6. Elle a, ensuite, constaté que le preneur avait réalisé des aménagements sur certaines des parcelles faisant l'objet du bail pour y réaliser des retenues d'eau et y planter des arbres, mettant en oeuvre des pratiques ayant pour objet la préservation de la ressource en eau, de la biodiversité, de la qualité des sols et de la lutte contre l'érosion.
7. Elle a, enfin, relevé que ces aménagements portaient sur des parcelles déjà classées en zone humide avant les aménagements du preneur, selon la lettre détaillée du 25 juillet 2016 de la direction départementale des territoires du [Localité 9], que les changements mis en oeuvre concernaient des parcelles d'une surface d'environ trois hectares sur les vingt hectares donnés à bail, et que le constat produit ne révélait que des défauts d'entretien mineurs.
8. Elle a souverainement déduit de ces seuls motifs que les bailleurs n'établissaient pas que ces aménagements étaient de nature à compromettre la bonne exploitation du fond et a ainsi légalement justifié sa décision.

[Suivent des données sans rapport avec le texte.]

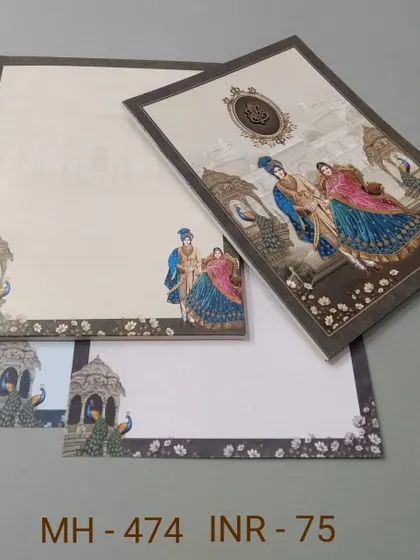 This card features a royal couple surrounded by peacocks against a palace backdrop. The design is rich in color and traditional motifs, perfect for a vibrant wedding.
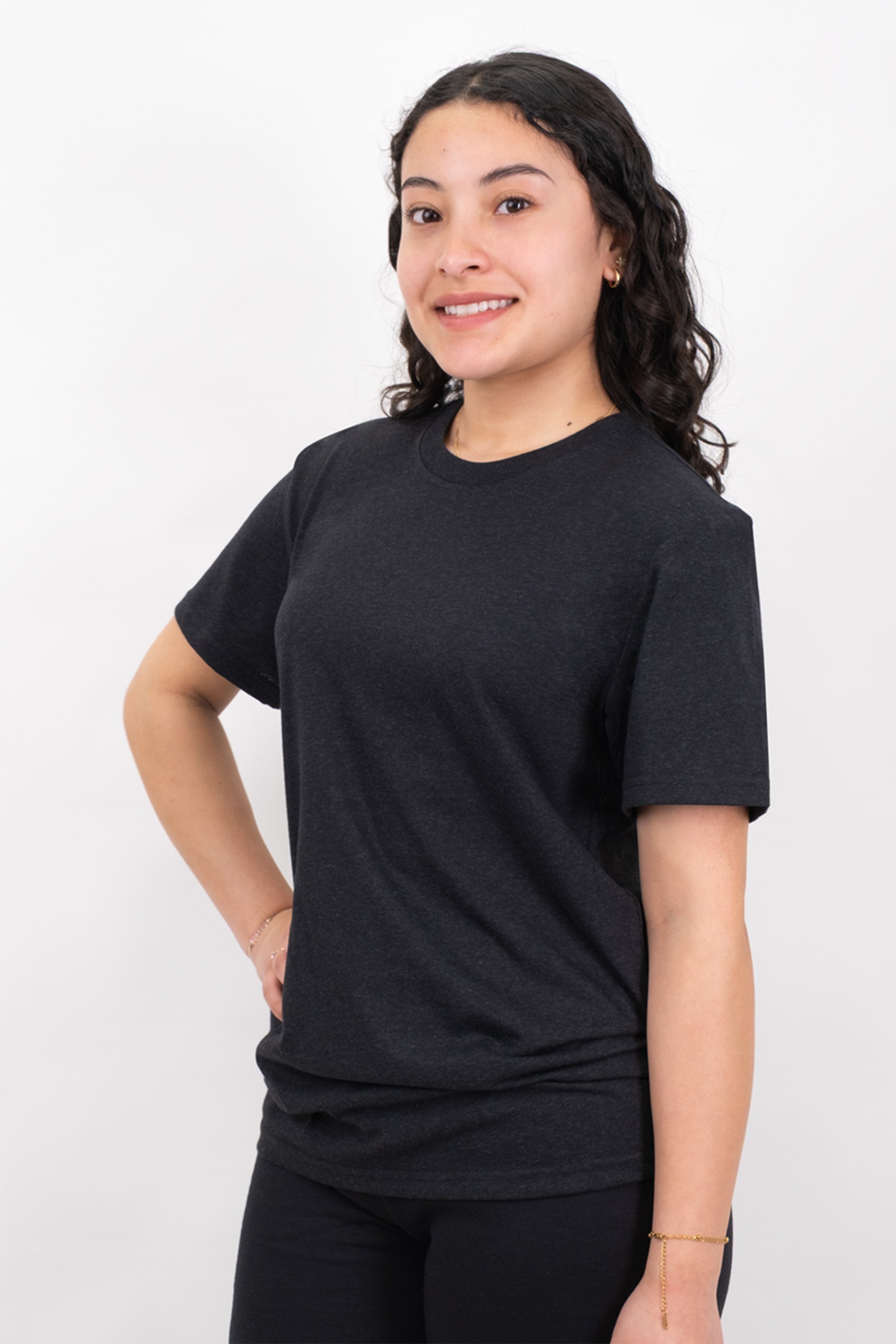 Person wearing a black t-shirt against a white background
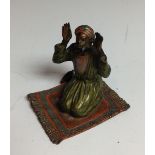 A Bergman-type cold painted bronze, of an Arab on a prayer rug, in colours,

9. Le moyen n'est donc pas fondé.
PAR CES MOTIFS, la Cour :
REJETTE le pourvoi ;
Condamne M. [N] [U] et Mme [M] [U] épouse [V] aux dépens ;
En application de l'article 700 du code de procédure civile, rejette la demande formée par M. [N] [U] et Mme [M] épouse [V] et les condamne in solidum à payer à M. [H] [K] et l'exploitation agricole à responsabilité limitée de Lajoanne la somme globale de 3 000 euros ;
Ainsi fait et jugé par la Cour de cassation, troisième chambre civile, et prononcé par le président en son audience publique du onze juillet deux mille vingt-quatre.